Ein höherer Gewinn auf dem Showdown ist jedoch nicht der einzige Vorteil eines kleineren Spielerfeldes. Wenn wir einen Flop mit weniger aktiven Gegenspielern sehen, hilft uns das auch, alle anderen noch vor dem River zu einem Fold zu bewegen, wenn der Flop nicht unbedingt zu unseren Gunsten war und wir uns auf die Fold Equity verlassen. (Fold Equity bedeutet, dass wir den Pot in einer bestimmten Anzahl von Fällen gewinnen, indem wir die Mitspieler dazu bringen, zu passen).
Stell dir einmal vor, du eröffnest mit JTs vom HJ (Hi-Jack) und schaffst es auf diese Art, das Spielerfeld bis auf nur einen Gegenspieler auszudünnen: der Spieler auf dem BB. Der Flop bringt 742r, wir machen einen kleinen Einsatz und der BB passt. Würden hier insgesamt vier Spieler um den Pot spielen (ein Four-Way Pot), würden wir mit Sicherheit weitaus seltener mit einem Einsatz mit Bube hoch auf der Hand so einfach gewinnen. Indem wir das Spielerfeld vor dem Flop verkleinert haben, haben wir dafür gesorgt, dass wir den Pot auch dann verhältnismäßig oft gewinnen können, wenn wir auf dem Board nichts getroffen haben.
3. Das Stehlen der Blinds
Eine extremere Form der Verkleinerung des Spielerfeldes ist es, wenn wir es so sehr verkleinern, dass außer uns kein anderer Spieler übrig ist. In diesem Fall gewinnen wir die Blinds, was auf kurze Sicht nichts Besonderes ist, es uns jedoch ermöglicht, langfristig für eine anständige Gewinnrate (Win-Rate) zu sorgen. Indem wir sehr häufig ganz kleine Pots gewinnen, verhindern wir, dass die Blinds unseren Chipstack, die essentielle Grundlage für unser Pokerspiel, auffressen. Bei 6-Max Cash Games sitzen wir wesentlich häufiger in den Blinds als in Full Ring-Spielen und sind viel öfter in der richtigen Position, um die Blinds zu stehlen. Deshalb ist eine weite Opening Range unerlässlich.

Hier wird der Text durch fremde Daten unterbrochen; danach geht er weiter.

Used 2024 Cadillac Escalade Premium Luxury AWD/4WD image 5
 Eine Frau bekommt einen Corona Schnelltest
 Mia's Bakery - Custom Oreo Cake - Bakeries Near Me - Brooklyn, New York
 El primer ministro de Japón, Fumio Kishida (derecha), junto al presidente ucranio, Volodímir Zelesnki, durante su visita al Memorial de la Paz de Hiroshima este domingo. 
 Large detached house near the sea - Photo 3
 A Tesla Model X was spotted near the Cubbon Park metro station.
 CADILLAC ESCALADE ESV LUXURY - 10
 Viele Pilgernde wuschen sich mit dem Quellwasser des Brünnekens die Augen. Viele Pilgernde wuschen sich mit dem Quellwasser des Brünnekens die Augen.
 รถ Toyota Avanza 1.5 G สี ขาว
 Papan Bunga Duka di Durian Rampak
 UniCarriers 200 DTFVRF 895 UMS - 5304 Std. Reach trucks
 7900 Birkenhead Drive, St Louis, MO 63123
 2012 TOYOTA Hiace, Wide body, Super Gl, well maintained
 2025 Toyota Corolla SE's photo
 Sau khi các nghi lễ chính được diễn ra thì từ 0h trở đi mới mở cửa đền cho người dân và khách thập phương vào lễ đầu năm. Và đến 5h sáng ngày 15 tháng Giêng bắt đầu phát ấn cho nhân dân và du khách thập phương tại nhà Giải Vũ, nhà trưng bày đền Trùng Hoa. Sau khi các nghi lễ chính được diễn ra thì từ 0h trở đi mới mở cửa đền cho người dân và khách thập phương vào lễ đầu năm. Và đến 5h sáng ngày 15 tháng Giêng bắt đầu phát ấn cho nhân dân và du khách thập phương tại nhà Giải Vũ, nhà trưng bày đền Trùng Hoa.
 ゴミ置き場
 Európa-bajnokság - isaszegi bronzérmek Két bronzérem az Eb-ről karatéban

Mathematisch gesehen haben wir sehr gute Chancen, auf dem Button mit Blättern wie K6s die Blinds zu stehlen – wir haben also einen guten Erwartungswert (EV). Wenn wir mit 2,5 BB eröffnen, riskieren wir 2,5 BB, um 1,5 BB zu gewinnen. Nehmen wir einmal an, wir würden auf dem Flop jedes Mal passen, wenn wir einen Call bekommen. Dies wäre eine schreckliche Strategie, doch müsste unser Versuch zu stehlen (unser Steal) immer noch nur in 2,5 von 4 Fällen (2,5 + 1,5), also in 62,5% aller Fälle, Erfolg haben, damit wir auf plus/minus Null kommen.
Die meisten Spieler werden im Small Blind tight spielen – zu Recht, denn in dieser Position ist es gefährlich, mit einer zu weiten Range mitzugehen. Es ist der schlechteste Platz am Tisch und es gibt noch einen weiteren Spieler, der zum Zug kommt. In der Regel wird der Spieler im Small Blind in dieser Situation in mindestens 80% aller Fälle seine Karten niederlegen. Der Spieler im Big Blind hingegen sollte in diesem Szenario sehr viel häufiger auf Verteidigung (der Blinds) setzen.
Dies hat den Grund, dass er die besseren Pot Odds hat und als Letzter am Zug ist. Er wird in dieser Situation vielleicht in nur ca. 60% aller Fälle passen. Das bedeutet, dass unser Steal in 48% aller Fälle (0.6 x 0.8) Erfolg haben müsste, was nicht weit von unserem Zielwert für die Fold Equity entfernt ist, die wir brauchen, um auf plus/minus Null zu kommen – und das unter der Annahme, dass wir planen, bei jedem Flop zu passen, was natürlich lachhaft wäre.
Tatsächlich haben wir eine viel bessere Strategie auf dem Flop, als jedes Mal zu passen. Diese beinhaltet Continuation Bets in ausgewählten Situationen, Value Bets mit guten Blättern und Semi-Bluffs mit Draws. Deshalb brauchen wir nur eine weitaus niedrigere Fold Equity als 62,5% und sogar noch eine niedrigere als 48%. Mit einer durchaus spielbaren Hand wie K6s ist ein Steal an einem durchschnittlichen Tisch ein sehr profitabler Zug.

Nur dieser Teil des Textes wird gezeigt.